Web page caption snippets:
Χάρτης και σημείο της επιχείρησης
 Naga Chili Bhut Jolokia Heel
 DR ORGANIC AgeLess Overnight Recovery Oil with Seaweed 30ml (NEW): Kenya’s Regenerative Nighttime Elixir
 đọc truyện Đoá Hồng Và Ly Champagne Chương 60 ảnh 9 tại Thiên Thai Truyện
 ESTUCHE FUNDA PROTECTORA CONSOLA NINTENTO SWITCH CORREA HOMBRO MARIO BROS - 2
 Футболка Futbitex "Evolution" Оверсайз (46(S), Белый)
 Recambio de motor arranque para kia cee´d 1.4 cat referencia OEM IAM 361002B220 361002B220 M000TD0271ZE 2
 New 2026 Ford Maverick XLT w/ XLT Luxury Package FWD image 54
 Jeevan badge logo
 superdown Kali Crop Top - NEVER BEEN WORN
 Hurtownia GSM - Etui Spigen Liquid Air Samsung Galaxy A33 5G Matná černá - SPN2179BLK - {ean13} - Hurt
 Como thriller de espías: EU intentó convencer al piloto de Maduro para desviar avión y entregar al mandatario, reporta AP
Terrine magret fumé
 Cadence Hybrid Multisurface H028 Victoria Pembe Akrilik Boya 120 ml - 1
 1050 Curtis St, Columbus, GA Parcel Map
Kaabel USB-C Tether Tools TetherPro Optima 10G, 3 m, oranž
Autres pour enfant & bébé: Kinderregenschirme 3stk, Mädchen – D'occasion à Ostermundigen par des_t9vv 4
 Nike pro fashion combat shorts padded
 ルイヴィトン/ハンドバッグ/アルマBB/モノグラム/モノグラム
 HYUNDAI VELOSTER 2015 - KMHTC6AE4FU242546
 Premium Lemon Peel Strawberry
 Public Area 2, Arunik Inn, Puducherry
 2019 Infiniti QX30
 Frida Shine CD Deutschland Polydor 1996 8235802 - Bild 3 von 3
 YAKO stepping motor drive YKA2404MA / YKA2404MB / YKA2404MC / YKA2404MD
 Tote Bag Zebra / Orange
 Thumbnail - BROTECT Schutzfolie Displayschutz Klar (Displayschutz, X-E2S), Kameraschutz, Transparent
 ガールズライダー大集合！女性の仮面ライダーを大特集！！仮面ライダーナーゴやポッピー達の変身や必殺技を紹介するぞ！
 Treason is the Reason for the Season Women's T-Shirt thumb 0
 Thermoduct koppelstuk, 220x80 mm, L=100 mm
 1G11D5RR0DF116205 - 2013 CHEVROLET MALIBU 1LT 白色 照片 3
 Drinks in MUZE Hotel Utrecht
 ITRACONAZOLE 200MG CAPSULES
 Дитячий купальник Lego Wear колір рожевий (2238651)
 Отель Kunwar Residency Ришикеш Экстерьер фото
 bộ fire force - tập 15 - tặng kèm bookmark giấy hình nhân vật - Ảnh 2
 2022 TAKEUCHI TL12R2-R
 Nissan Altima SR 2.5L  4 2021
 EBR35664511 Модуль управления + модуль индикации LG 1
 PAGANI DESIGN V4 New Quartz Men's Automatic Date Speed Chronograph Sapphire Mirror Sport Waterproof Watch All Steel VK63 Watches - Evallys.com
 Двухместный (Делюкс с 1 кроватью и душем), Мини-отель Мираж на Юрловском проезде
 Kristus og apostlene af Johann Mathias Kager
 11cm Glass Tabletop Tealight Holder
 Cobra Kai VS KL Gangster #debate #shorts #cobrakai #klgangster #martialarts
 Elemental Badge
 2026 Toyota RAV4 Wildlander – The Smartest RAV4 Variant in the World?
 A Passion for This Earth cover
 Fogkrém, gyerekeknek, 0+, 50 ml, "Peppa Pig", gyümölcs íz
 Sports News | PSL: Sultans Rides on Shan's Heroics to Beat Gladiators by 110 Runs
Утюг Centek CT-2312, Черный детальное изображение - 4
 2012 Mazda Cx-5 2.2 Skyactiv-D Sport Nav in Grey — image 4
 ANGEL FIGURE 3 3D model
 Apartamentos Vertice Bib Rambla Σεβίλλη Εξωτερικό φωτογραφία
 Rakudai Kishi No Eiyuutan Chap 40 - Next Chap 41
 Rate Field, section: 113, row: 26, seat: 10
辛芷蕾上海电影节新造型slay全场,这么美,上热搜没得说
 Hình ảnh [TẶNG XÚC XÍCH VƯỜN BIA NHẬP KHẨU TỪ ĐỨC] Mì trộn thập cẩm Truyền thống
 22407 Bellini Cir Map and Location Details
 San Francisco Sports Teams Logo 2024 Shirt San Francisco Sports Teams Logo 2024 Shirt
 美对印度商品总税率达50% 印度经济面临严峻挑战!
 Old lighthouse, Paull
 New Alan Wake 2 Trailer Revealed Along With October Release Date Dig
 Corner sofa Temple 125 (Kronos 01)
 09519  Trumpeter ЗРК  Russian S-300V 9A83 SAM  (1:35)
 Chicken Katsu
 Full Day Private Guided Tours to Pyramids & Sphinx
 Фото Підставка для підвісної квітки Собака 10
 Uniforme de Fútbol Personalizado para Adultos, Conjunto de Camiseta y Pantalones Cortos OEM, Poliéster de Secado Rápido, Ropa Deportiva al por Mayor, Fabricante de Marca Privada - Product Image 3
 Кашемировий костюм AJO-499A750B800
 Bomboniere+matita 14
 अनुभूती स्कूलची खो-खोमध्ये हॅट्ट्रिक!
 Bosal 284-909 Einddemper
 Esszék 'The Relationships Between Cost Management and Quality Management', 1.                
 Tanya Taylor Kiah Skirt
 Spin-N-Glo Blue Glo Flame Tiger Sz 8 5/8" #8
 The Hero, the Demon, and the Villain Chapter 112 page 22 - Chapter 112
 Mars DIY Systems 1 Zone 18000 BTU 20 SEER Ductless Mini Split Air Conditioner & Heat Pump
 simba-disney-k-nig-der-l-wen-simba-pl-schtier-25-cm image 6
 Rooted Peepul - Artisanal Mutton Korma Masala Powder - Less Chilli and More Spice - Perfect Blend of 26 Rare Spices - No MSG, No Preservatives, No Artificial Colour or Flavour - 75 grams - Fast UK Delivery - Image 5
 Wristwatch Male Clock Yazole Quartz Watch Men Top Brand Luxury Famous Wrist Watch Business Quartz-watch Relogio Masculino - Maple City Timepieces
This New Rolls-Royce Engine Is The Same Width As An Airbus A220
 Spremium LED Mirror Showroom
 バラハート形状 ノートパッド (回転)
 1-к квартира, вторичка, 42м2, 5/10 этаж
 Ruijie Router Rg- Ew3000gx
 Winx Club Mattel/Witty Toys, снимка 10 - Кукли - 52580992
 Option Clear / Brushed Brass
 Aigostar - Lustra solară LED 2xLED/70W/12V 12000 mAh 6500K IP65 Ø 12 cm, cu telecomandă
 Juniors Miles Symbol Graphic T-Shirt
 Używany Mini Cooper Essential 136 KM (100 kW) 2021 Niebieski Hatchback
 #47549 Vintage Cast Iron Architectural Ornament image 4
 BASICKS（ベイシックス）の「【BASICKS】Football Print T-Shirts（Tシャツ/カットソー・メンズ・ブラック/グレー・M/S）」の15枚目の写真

What you are asked to do
Taking the records above as a whole, work out how many of their lines hold the word "Mirror". The reply should be that number alone.

Written answer
2